I will kick this thread off with a question from @VapeJedi

In another thread, he asked a question about Fight your Fate and Derailed. Then went on to say he likes fruity flavours.



VapeJedi said:


> Iam e very new vaper...have used some of the local juices. Wana go to something more "high class" recommendations? I know this is subjective. Iam looking at fight your fate and derailed. Comments





VapeJedi said:


> Thus far i like fruity flavours. Have not really had dessert flavours.



@VapeJedi - I haven't vaped many international fruity ones - the international ones I have tried have mainly been tobaccoes and desserts.

There are definitely a few gems in the *Vape Craving *range (now available from VapeMob - previously SubOhmVapor)
My favourites in those were the *Adventure *and *Desire *flavours. Adventure was a Pina Colada type flavour and Desire is a guava/mango flavour. These are high VG juices that are smooth and are of great quality in my view. I have reviewed all these and you can check them out. (EDIT - I haven't tried their Ectsasy flavour - it wasnt available when I ordered my batch - but it sounds amazing - so check it out too)

I have also tried a few flavours from the *Bombies *range (Cloud Flavour). I haven't reviewed any yet - and am busy with one at the moment - but they are good quality too and you are bound to find one or two good ones there. They are mostly fruity ones and are also higher in VG - so very smooth and lots of clouds.

*Five Pawns* makes a flavour called *Queenside.* It's a blood Orange flavour with a bit of vanilla. Not everyone's taste - but I like it a lot and it's an extremely high quality juice in my view - as are all the 5Pawns. Available from eCiggies and VapeMob.
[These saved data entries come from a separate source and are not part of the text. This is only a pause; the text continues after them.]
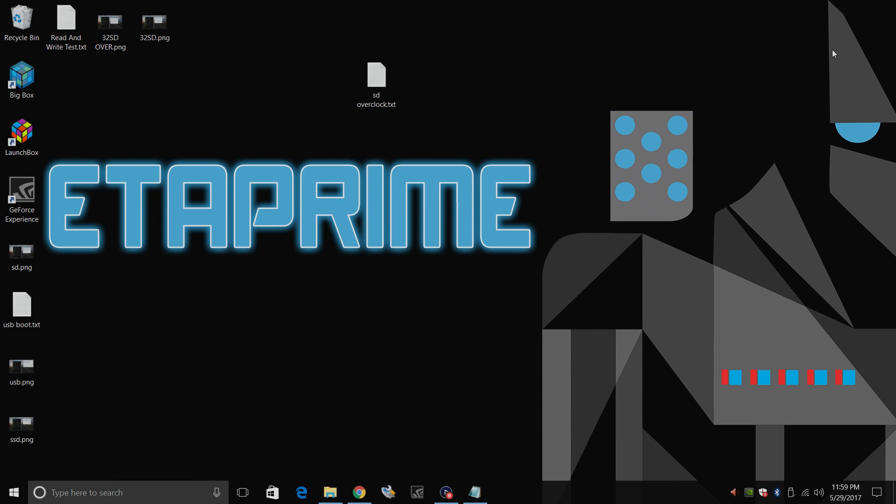Hey what's going on guys, ZTA Prime back here again. Today I'm going to show you how to overclock your SD card reader on your Raspberry Pi 2 or 3.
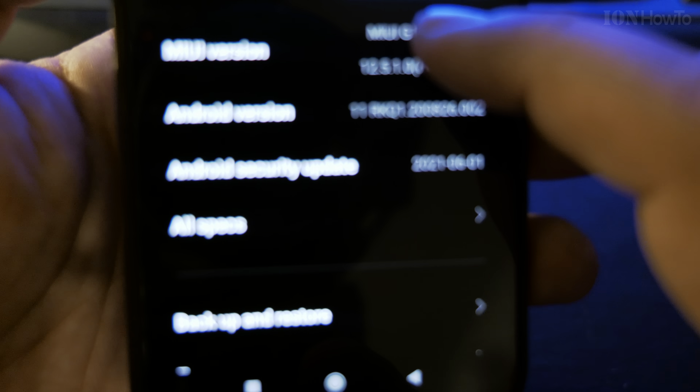In About Phone, tap the MIUI version here five times. Three, four, five — one step away. Now developer options are enabled.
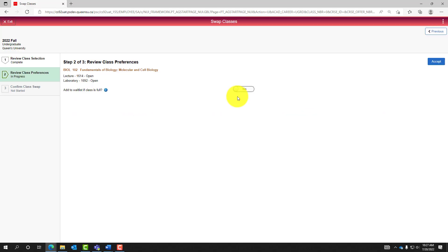If a waitlist option is available for the course, select Yes to be added to the waitlist if the class is full. Select Accept.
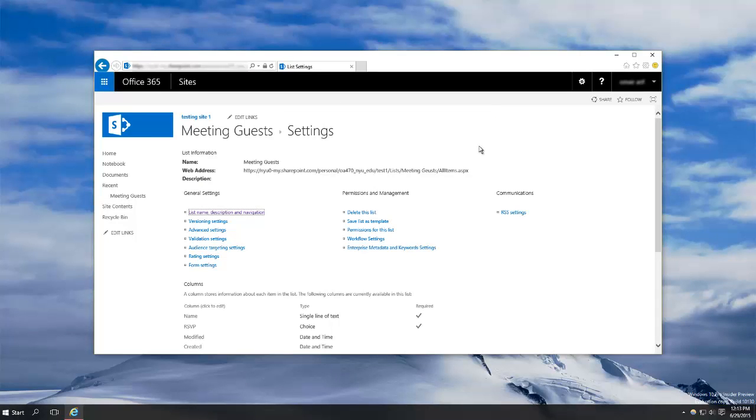You'll now see the advanced settings for your list. From here you can do things such as set which fields are required, set column ordering, delete the list or a column, and return to the column setup screen, which is what I'm going to do to change the drop down.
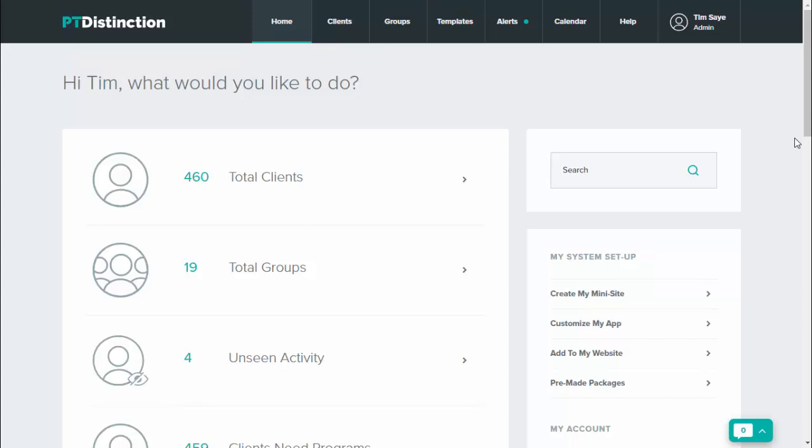A cool little time-saving feature in the new PT Distinction is the ability to change our assessment tests and our exercises to make them completely your own. So let me quickly show you what I mean.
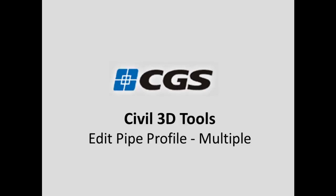In this short video I'll be showing you the Edit Pipe Profile Multiple command, which is part of the CGS Civil 3D tools.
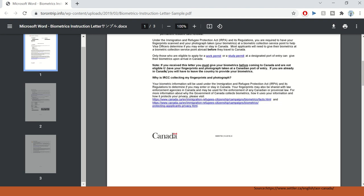Further, it says that if you receive this letter, you must give your biometrics before coming to Canada and are not eligible to have your fingerprints and photograph taken at a Canadian port of entry.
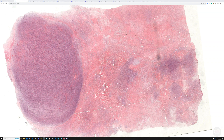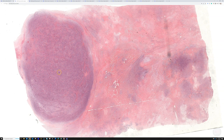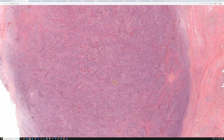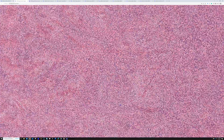This is the first case. It's a large deep soft tissue mass in an adult, and you can see there's a lot of variation from low power. I'll record this and put it on YouTube with links to the virtual slides at some point in the near future. Here we can see a cellular nodule in this area.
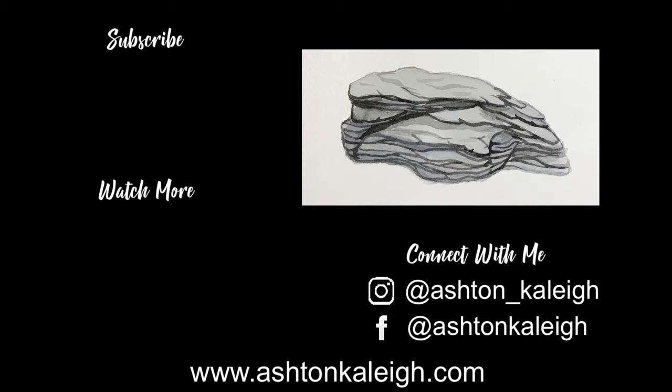My Patreon is linked down below in the description. I hope that was helpful, just thought a simple rock could show you how to do a different material in watercolor. Thanks for watching guys, and happy painting.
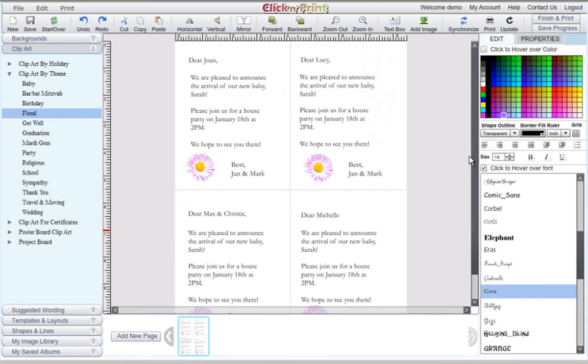In Click and Print, you can work on up to 10 unique pages of postcards. To do this, click Add New Page at the bottom of the screen.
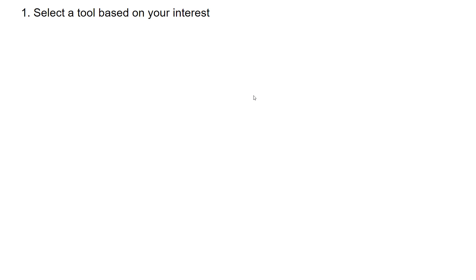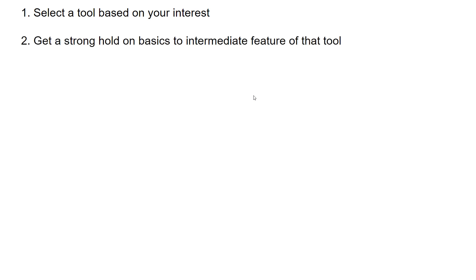This is especially important for those who want to switch industries. Freshers looking to make a career in data science or data visualization have likely already started with at least one or two tools. Once you select a tool, get a strong hold on its basic to intermediate features, as interview questions and certification questions will be based on those features.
As for *Kings Crown* *Fight your Fate* - I have tasted it twice and I do love it. I bought a bottle of it but have not yet vaped it. Also high quality and personally I love that flavour - nice sour taste from the lemon with a bit of sweetness from the strawberry makes it a great combination for me - don't think you will go wrong with it. Sorry, can't advise you properly on Derailed - I have tasted it but I can't remember it. Available from VapeCartel and VapeKing.

All the best

Reactions: Like 2


----------



## VapeJedi (8/11/14)

Thanx bud. Desire sounds luvly. Gonna have to try that.

Reactions: Like 1


----------



## Andre (8/11/14)

Ah, @VapeJedi let me give you my experience. Fruity flavours have been the most difficult to get something worthwhile for me. Mostly because I am pernickety. Must not be too sweet, which eliminates many great dessert flavours (do like dessert juices too, but only for the occasional vape). Fruit must be natural tasting. I do not like the fruit juice to be creamy at all, which seems to be the fashion nowadays. Prefer light, coolish fruit vapes. So, here goes.

For uncomplicated fruity juices: VM *Berry Blaze* and CV *Melon on the Rocks*. The latter has some menthol as well.

For more complex juices: Bombies *Black Out City* brought to you by Cloud Flavour. Some coolness on the exhale, but more coolada than menthol. BOC is my current favourite. Nicoticket *Betelgeuse* brought to you by Juicy Joes. For a sugary citrus one with a kick *Dr Stanley Clarke's Snake OIl* by TMax is always in my rotation.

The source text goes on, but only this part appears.